_PROBLEM_:
Go through the data and report each line that holds the string "Quotes".

_DATASET_:
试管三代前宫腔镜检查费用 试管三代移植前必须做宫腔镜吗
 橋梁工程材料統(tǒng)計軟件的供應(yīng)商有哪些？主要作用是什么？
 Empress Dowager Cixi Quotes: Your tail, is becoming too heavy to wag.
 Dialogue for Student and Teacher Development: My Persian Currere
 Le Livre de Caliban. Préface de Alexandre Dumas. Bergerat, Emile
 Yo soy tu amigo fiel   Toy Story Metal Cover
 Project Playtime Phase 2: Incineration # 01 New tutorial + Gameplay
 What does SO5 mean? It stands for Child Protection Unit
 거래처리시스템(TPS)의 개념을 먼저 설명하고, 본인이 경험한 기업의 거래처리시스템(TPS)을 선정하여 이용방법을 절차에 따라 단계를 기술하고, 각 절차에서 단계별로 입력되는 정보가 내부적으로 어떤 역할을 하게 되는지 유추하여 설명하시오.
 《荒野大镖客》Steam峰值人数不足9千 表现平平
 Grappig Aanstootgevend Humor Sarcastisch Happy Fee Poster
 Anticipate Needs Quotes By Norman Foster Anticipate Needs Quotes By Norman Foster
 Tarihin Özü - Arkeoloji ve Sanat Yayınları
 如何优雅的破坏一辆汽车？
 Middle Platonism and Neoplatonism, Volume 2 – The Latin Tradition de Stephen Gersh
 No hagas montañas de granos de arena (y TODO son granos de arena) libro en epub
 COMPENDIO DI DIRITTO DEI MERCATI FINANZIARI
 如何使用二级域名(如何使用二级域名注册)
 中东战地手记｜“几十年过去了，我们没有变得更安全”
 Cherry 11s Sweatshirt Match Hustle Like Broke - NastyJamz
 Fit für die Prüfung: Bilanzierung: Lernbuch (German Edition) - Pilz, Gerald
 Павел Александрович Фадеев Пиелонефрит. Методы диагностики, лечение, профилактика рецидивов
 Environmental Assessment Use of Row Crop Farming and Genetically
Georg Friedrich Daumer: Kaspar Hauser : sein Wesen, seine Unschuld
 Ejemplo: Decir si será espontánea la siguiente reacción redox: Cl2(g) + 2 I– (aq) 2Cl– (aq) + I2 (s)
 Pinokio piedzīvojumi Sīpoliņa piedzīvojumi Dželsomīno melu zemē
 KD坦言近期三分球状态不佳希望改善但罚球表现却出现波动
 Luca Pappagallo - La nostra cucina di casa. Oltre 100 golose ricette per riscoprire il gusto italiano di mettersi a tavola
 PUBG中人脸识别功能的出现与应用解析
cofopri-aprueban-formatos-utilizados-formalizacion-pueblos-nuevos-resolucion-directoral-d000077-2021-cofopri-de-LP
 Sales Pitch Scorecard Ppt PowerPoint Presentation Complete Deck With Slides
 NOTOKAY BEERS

_SOLUTION TO THE PROBLEM_:
 Empress Dowager Cixi Quotes: Your tail, is becoming too heavy to wag.
 Anticipate Needs Quotes By Norman Foster Anticipate Needs Quotes By Norman Foster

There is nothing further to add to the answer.